Fechei o livro e saí.
Na rua, na esquina próxima à minha casa, quatro vizinhas praguejavam contra o lixo acumulado pela vizinhança e o espalhavam pela rua, bloqueando a passagem. Fiquei irado, pois há muito eu venho sugerindo aos vizinhos que façamos alguma ação organizada envolvendo inclusive, além da exigência de um container, um jardim onde costumam depositar lixo. Para mim aquele espetáculo seria estéril. Não que eu não goste de um agito reivindicatório, mas no meu acesso sectário, a coisa estava sendo mal conduzida.

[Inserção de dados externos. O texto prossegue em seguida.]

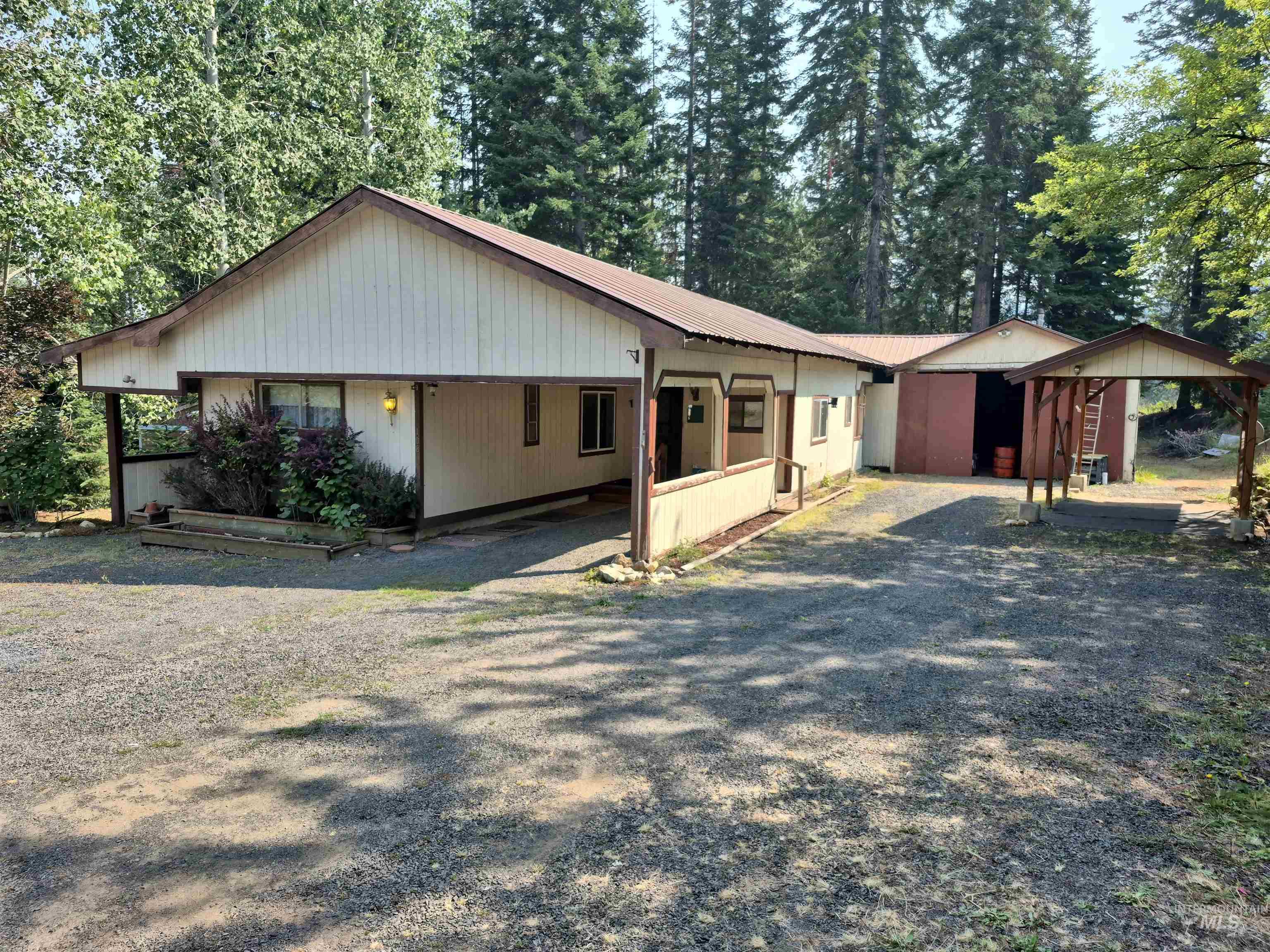 108 Cottonwood Ave Property Photo 1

Lennon estava observando o show. Eu o chamei. Ele veio. Nós entramos.
Sentei no sofá, e algo me incomodou os glúteos. Eu tinha sentado sobre o Dharmapada. A visão do Buddha sereno na capa cortou-me como uma espada. Senti-me ridículo, e ri, diante de minha ira patética. Então fiz esse poema:
sei que ego é nada
estou tão irritado!
a lava flui
Assim como a lava, rocha tão aparentada com o fogo, flui por rios subterrâneos, eu, budista, ciente da inutilidade de pegar carona nos loucos cavalos da ira, não raro enfezo-me todo e praguejo aos borbotões, contraditório, como a Natureza.